Captioned web images:
──────────
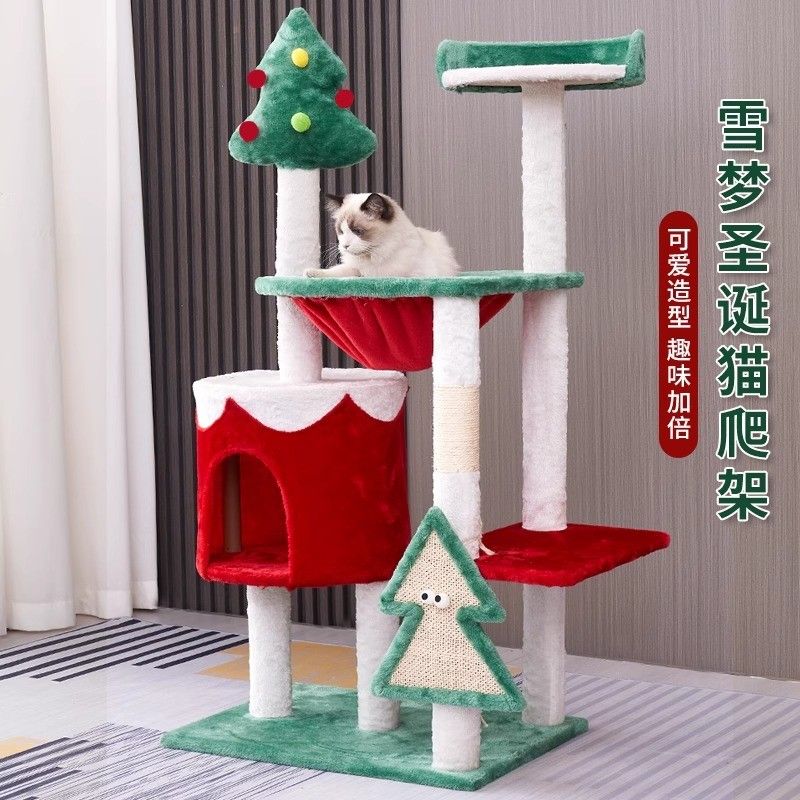 貓爬架貓窩貓樹一體冬季加絨小型貓架子貓抓板跳臺四季通用貓玩具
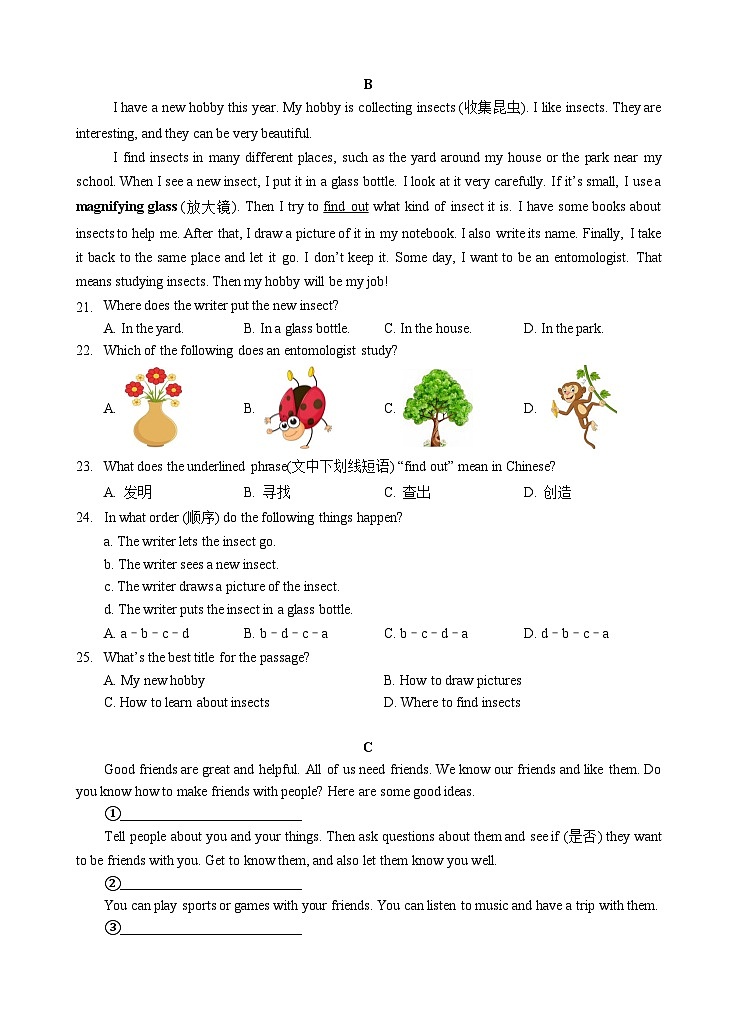 2024年7年级10月联考英语笔试部分（人教版）第3页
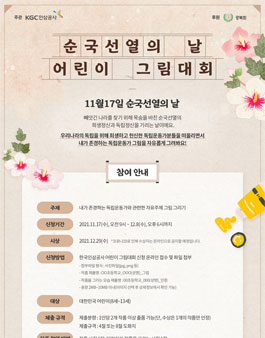 2021 한국인삼공사 순국선열의 날 어린이 그림 대회.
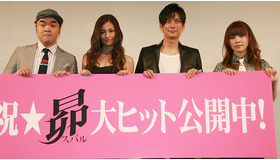 『昴−スバル−』初日舞台挨拶（左から）前田健、黒木メイサ、佐藤光来、平岡祐太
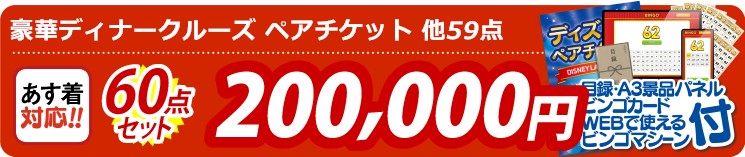 【目玉：豪華ディナークルーズ ペアチケット】60点セット 60点セット 200000円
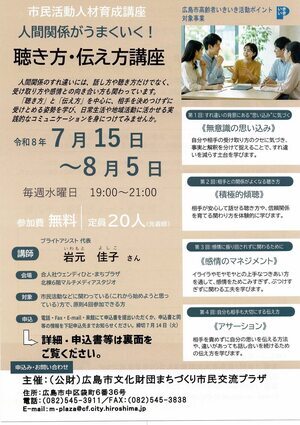 人間関係がうまくいく！　聴き方・伝え方講座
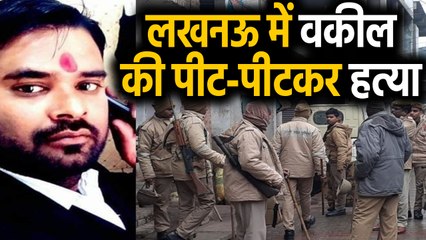 Lucknow में Lawyer की सरेआम पीट-पीटकर हत्या,  1 गिरफ्तार, 4 आरोपी फरार | वनइंडिया हिंदी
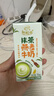 伊利【新鲜日期】谷粒多抹茶燕麦牛奶整箱 200ml*12盒 礼盒装 实拍图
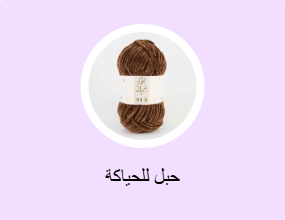 حبل للحياكة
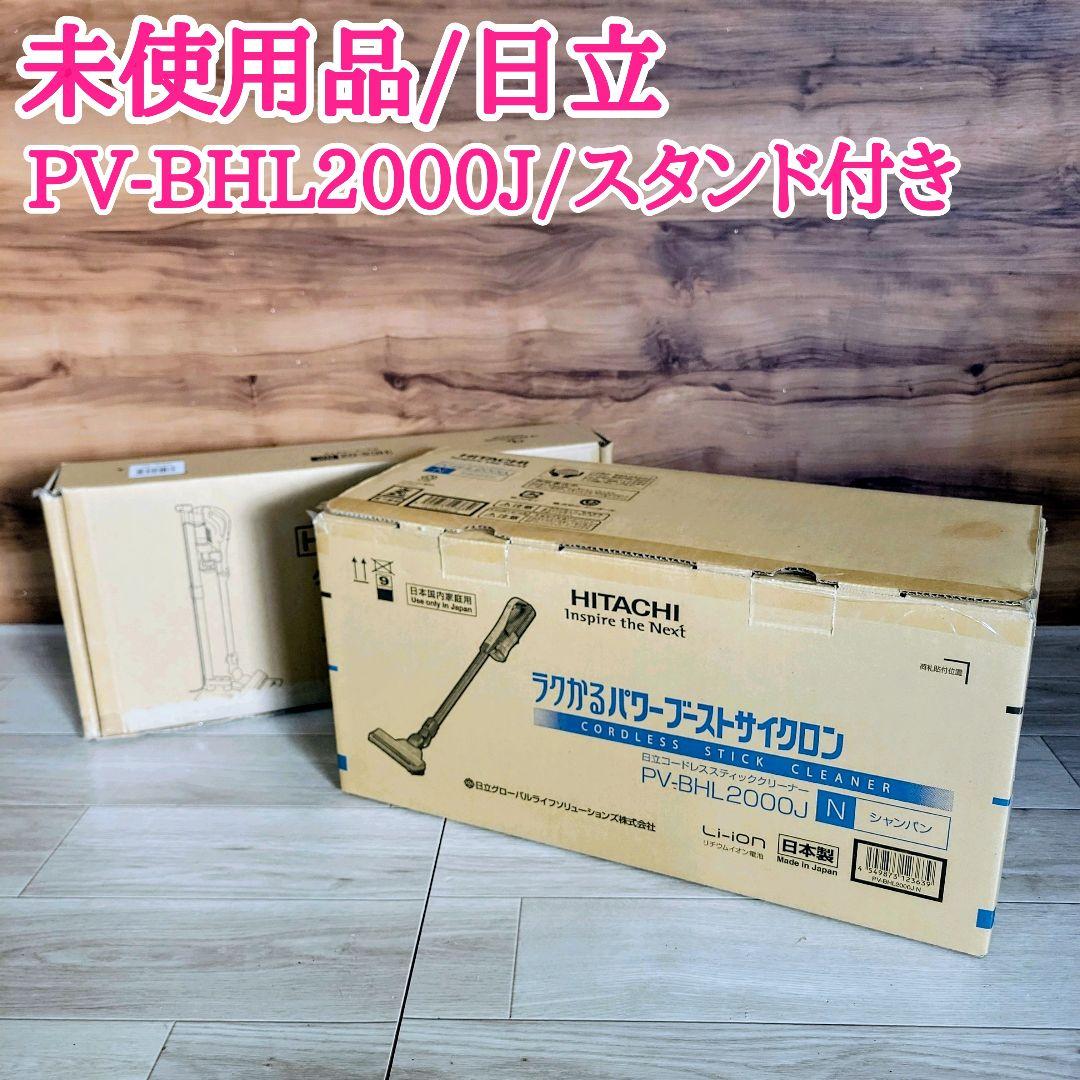未使用品 日立 ハンディサイクロン コードレス PV-BHL2000J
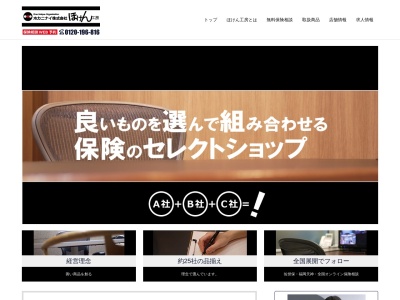 ほけん工房営業本部（ホカニナイ株式会社）(日本、〒857-0054長崎県佐世保市栄町1−２−ホカニナイ佐世保ビル)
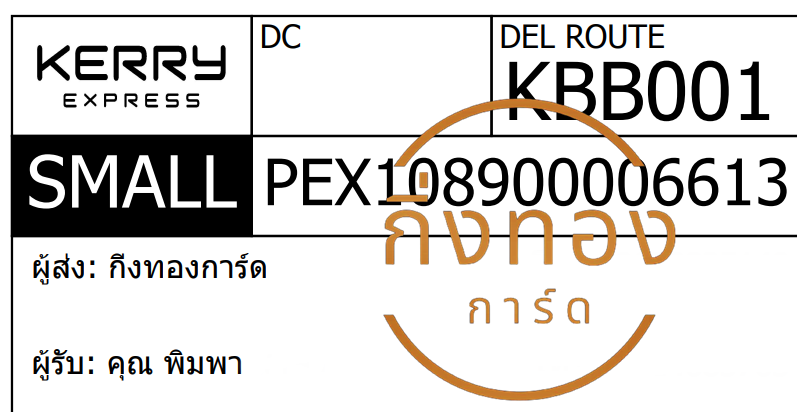 [KERRY] Ѵ ͧ촧ҹȾ | ͧ100ѹ | ͧ촩ͧѰ Ҵ 5x7   427 س  ǤѺ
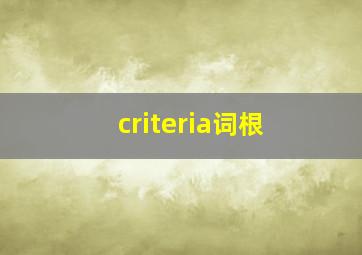 criteria词根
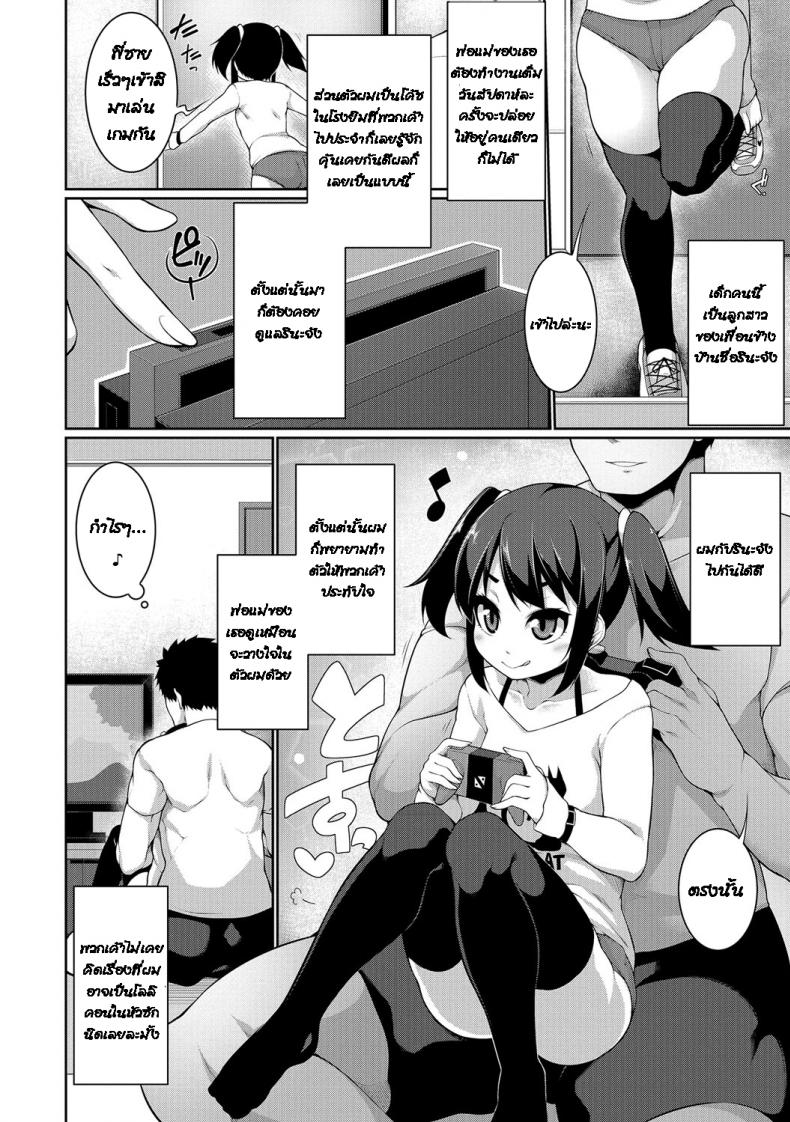 หลอกให้เล่น อาบอบนวด [Sakamata Nerimono] Naisho No Ofuroyasan – หลอกให้เล่น อาบอบนวด [Sakamata Nerimono] Naisho No Ofuroyasan หน้า 2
──────────
* ACTIVITY: Output the entries verbatim but drop the images.

* RESULT OF THIS EXERCISE:
 貓爬架貓窩貓樹一體冬季加絨小型貓架子貓抓板跳臺四季通用貓玩具
 2024年7年级10月联考英语笔试部分（人教版）第3页
 2021 한국인삼공사 순국선열의 날 어린이 그림 대회.
 『昴−スバル−』初日舞台挨拶（左から）前田健、黒木メイサ、佐藤光来、平岡祐太
 【目玉：豪華ディナークルーズ ペアチケット】60点セット 60点セット 200000円
 人間関係がうまくいく！　聴き方・伝え方講座
 Lucknow में Lawyer की सरेआम पीट-पीटकर हत्या,  1 गिरफ्तार, 4 आरोपी फरार | वनइंडिया हिंदी
 伊利【新鲜日期】谷粒多抹茶燕麦牛奶整箱 200ml*12盒 礼盒装 实拍图
 حبل للحياكة
未使用品 日立 ハンディサイクロン コードレス PV-BHL2000J
 ほけん工房営業本部（ホカニナイ株式会社）(日本、〒857-0054長崎県佐世保市栄町1−２−ホカニナイ佐世保ビル)
 [KERRY] Ѵ ͧ촧ҹȾ | ͧ100ѹ | ͧ촩ͧѰ Ҵ 5x7   427 س  ǤѺ
 criteria词根
 หลอกให้เล่น อาบอบนวด [Sakamata Nerimono] Naisho No Ofuroyasan – หลอกให้เล่น อาบอบนวด [Sakamata Nerimono] Naisho No Ofuroyasan หน้า 2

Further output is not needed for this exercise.